General Motors already recalled approximately 33,000 Cruze model compact cars in June of this year after discovering the same problem. The Takata Corporation, the manufacturer of the defective airbag, has released a statement saying that the only vehicles affected are those already recalled by Nissan and GM.
The Infiniti recall remains separate from an earlier recall which covered at least eight million U.S. vehicles, also due to a potentially defective Takata airbag. The recall was due to the potential for prolonged exposure to high humidity, which can cause an inflator malfunction and an explosion that is much more powerful than was originally intended when the airbag is activated.

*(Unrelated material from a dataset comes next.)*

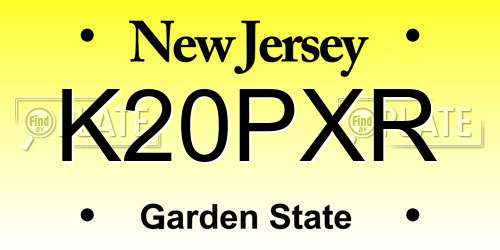 K20PXR New Jersey License Plate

The humidity issue is currently being investigated by the NHTSA, which may expand the size of the recall. Currently, it covers vehicles from 10 separate manufacturers. Lawmakers have claimed that the defective airbag has already caused four deaths and say that there may be up to 30 million defective airbags in U.S. vehicles currently on the road. Lawmakers are also fighting to expand the recall to a nationwide scale after some manufacturers have limited their recalls to specific high-humidity areas.
Takata is the world’s second largest airbag manufacturer and lays claim to 22 percent of the global market. The Infiniti recall is just the latest problem for the Tokyo-based company, which has struggled with ongoing issues since 2001, when Japanese auto company Izuzu reported that an airbag had exploded in an Izuzu Rodeo.
The company’s problems may soon get worse. The NHTSA has begun to question Takata about why the Nissan Infiniti and other vehicles are being produced with defective airbags and has submitted over 36 separate requests for data on possible production mistakes, as well as any lawsuits or reports of injuries and/or deaths that it may have received. The company has until December to provide the requested information or it may be charged with fines of up to $7,000 per day.
A Takata spokesman has stated that the company intends to cooperate and is working hard to provide the requested information in due time. It has already given several explanations for defective airbags, including improper welding, defective stamping equipment, humid conditions at its Mexico factory and an incorrect amount of generant, which is used to produce the gas that causes the airbag to inflate.